Il simbolismo del cibo si ritrova sotto differente forma nella parabola post bellica de “La Vita cronica”. Dedicato alle scrittrice russe Anna Politkovskaya e Natalia Estemirova, lo spettacolo si svolge nel 2031, dopo una terza guerra civile.
Una Madonna Nera, la vedova di un combattente basco, una rifugiata cecena, una casalinga rumena, un musicista rock delle isole Faroe, un ragazzo colombiano che cerca suo padre scomparso in Europa sono alcuni dei personaggi che portano in scena il loro carico di disperazione tra guerre, disoccupazione, emigrazione.
Nella complessità di un drammaturgia costruita sulla pluralità di linguaggi scenici, il plurilinguismo, la simultaneità di situazioni e azioni, partecipiamo a un esempio raro di teatro totale, che ci coinvolge completamente, fino quasi allo stordimento. Il cibo, anche in questo caso nell’essenzialità del pane, passa di bocca in bocca, di mano in mano, strappato a morsi, mangiato voracemente, fino quasi a soffocare, sputato, a ricordarci la tragicità della vita.

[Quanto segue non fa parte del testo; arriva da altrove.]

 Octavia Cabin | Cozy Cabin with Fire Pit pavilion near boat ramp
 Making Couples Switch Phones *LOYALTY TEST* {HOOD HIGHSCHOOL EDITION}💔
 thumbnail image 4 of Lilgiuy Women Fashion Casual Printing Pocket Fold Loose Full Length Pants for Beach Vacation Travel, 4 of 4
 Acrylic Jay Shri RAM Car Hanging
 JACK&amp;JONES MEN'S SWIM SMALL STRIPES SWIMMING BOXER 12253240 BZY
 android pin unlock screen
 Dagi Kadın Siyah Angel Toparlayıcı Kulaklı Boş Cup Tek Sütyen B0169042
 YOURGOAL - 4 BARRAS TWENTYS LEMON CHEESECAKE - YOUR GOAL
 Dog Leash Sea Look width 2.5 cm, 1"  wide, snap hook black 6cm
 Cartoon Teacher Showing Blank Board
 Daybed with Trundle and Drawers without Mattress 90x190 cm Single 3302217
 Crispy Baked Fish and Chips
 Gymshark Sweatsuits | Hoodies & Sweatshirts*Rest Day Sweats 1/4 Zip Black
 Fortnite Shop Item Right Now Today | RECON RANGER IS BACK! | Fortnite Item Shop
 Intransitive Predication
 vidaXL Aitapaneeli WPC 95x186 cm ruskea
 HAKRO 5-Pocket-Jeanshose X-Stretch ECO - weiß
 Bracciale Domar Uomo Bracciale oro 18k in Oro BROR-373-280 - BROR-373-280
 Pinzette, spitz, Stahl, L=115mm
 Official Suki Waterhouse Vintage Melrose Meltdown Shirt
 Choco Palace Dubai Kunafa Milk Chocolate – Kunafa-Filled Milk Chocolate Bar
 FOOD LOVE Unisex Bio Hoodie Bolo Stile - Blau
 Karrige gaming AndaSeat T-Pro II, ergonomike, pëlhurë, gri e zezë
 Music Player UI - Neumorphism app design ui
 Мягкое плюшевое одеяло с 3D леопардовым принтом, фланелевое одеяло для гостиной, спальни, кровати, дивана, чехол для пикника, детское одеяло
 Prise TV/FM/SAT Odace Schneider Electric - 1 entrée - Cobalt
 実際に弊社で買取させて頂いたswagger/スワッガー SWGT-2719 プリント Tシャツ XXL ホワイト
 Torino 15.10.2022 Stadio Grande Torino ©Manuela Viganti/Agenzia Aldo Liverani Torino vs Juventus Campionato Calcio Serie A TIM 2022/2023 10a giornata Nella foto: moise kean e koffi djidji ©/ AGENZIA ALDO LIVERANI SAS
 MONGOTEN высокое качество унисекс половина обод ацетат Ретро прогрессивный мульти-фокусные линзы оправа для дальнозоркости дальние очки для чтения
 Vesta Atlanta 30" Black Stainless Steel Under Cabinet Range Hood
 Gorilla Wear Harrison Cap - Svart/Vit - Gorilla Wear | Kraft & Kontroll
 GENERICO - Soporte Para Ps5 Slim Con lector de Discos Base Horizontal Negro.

In un teatro contemporaneo che vuole essere nutrimento dei sensi e della mente, e in un momento storico in cui la povertà materiale e di pensiero è tangibile, non sembra casuale che una pluralità di artisti portino in scena (e un festival proponga) creazioni costruite in modo più o meno radicale attorno alla presenza di cibo reale. La necessità vitale del cibo richiama la spiritualità di un rito, in cui l’elemento di condivisione, il sentimento della partecipazione a una cerimonia politica, fragile, ha continua necessità di ricostituirsi nel presente.